■ INPUT MATERIAL ■
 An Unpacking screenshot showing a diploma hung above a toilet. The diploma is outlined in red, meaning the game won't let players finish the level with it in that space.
--
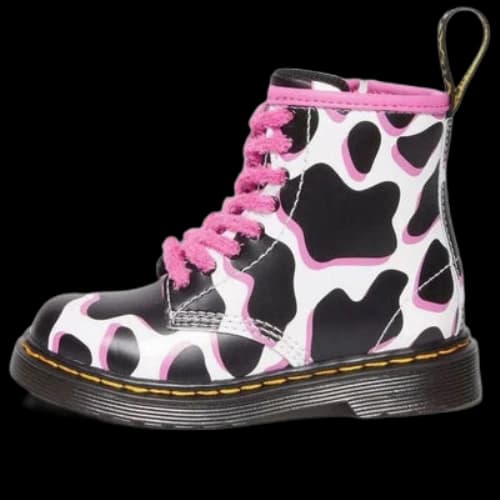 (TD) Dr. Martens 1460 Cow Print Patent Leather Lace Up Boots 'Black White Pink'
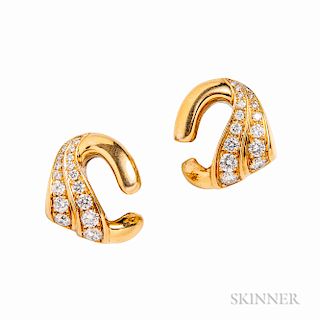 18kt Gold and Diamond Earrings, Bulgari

■ EXERCISE INSTRUCTIONS ■
Copy only this from above: the line containing "(TD) Dr. Martens", the line containing "18kt Gold and Diamond Earrings, Bulgari", and all lines between, printed exactly. Leave out the pictures.

■ RESPONSE ■
 (TD) Dr. Martens 1460 Cow Print Patent Leather Lace Up Boots 'Black White Pink'
 18kt Gold and Diamond Earrings, Bulgari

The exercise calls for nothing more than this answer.